Простою, пока день не настанет,

Прижимая ладошку к окну.

Имя твое

Когда в мертво-пасмурном мареве инея

От первого снега расплавилась ночь,

Решила ее окрестить твоим именем,

Ведь только оно и смогло бы помочь.

Когда томно-серое утро запачкало

Поверхность бесцветных обойных полей,

Подумалось вдруг: «Ну какая ж чудачка я!

Часы называть именами людей!»

Но снова, когда, застилая безвременьем,

На землю обрушился полдень, как тень,

Мне виделось это немыслимым бременем –

Прожить безымянный, бессмысленный день.

И вечер, разбито ступив на планету,

Разъел и размазал предметов черты.

Он тоже исполнил традицию эту:

Быть названным так же, как назван был ты.
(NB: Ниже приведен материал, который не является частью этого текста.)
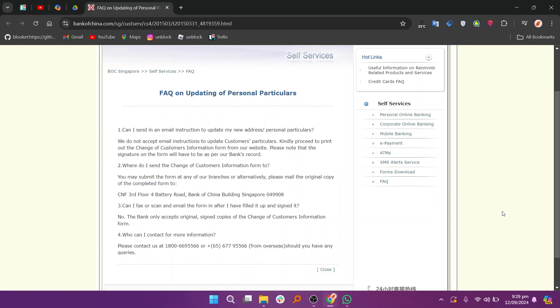Bank of China does not accept email instructions to update customers' particulars. You can proceed to print out the Change of Customers Information form from the website.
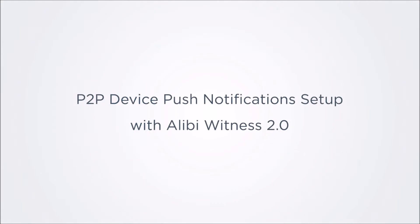Welcome to the tutorial for using the push notifications feature of the Alibi Witness app with the Guarding Vision cloud service.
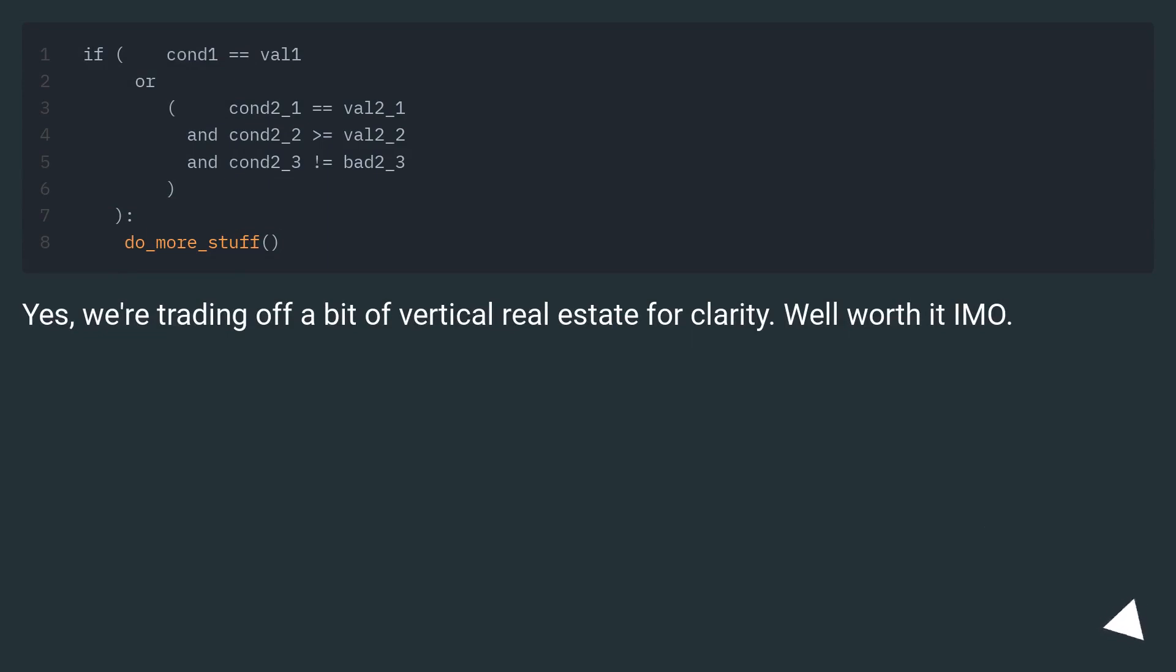Yes, we're trading off a bit of vertical real estate for clarity. Well worth it.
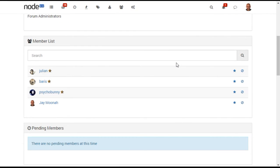Moderators control a single category and have posting and topic editing privileges for that category. Global Moderators have these same privileges, but for all categories on the forum.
Я будни твоим разукрасила именем,

Чтоб мир обесцвеченный разрисовать.

И чтобы предмет по привычке не вылинял,

Его твоим именем можно назвать.

***

Я так хочу куда-то улететь,

Где люди живут – не жмутся в быту столичном.

Вот так просто взять! – и взять затяжной больничный,

И убежать бы к морю, чтоб там стареть.

За платья платить,

Купальников накупать,

Чтоб дядька усатый, сотрудник аэрофлота,

Увидев во сне багаж мой, промямлил что-то

И, перевернувшись, не смог этой ночью спать.

Носильщик насилу поднял бы мой чемодан –

Его заставлять пришлось бы почти насильно

И объяснять ему жестами, так бессильно:

Мол, я прилетела стареть здесь из дальних стран.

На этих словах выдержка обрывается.